= ACTION ITEM =
Extract, exactly and without pictures, every line from the one that includes "Biogas Plant 450kW" through the final line of the material below.

= RECORDED INFORMATION =
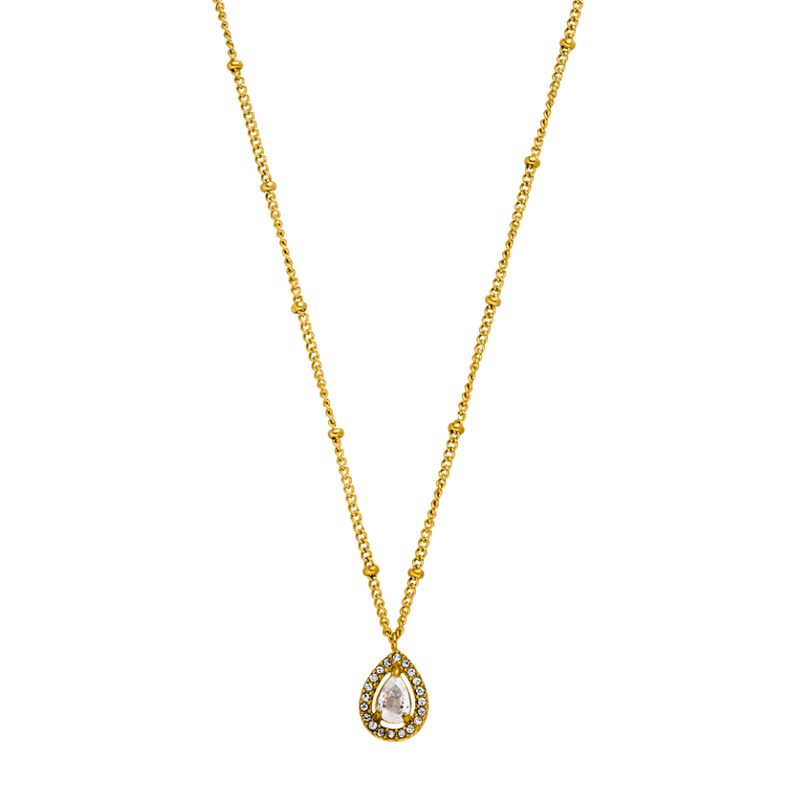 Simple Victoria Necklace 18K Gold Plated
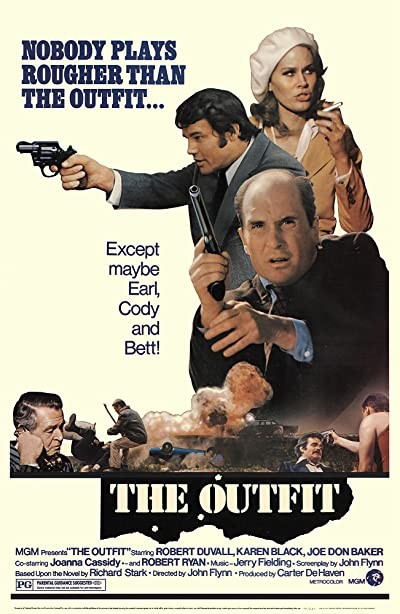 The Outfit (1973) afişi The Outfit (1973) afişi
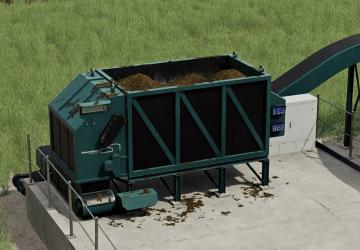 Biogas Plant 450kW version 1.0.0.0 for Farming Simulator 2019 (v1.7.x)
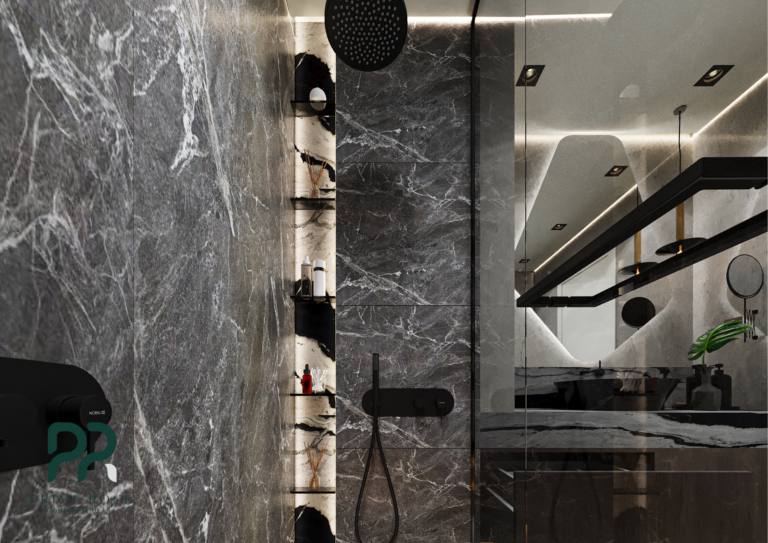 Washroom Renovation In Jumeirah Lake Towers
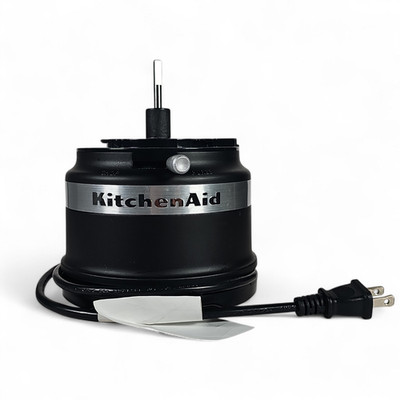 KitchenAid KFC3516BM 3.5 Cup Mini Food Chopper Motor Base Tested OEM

= ANSWER AREA =
 Biogas Plant 450kW version 1.0.0.0 for Farming Simulator 2019 (v1.7.x)
 Washroom Renovation In Jumeirah Lake Towers
 KitchenAid KFC3516BM 3.5 Cup Mini Food Chopper Motor Base Tested OEM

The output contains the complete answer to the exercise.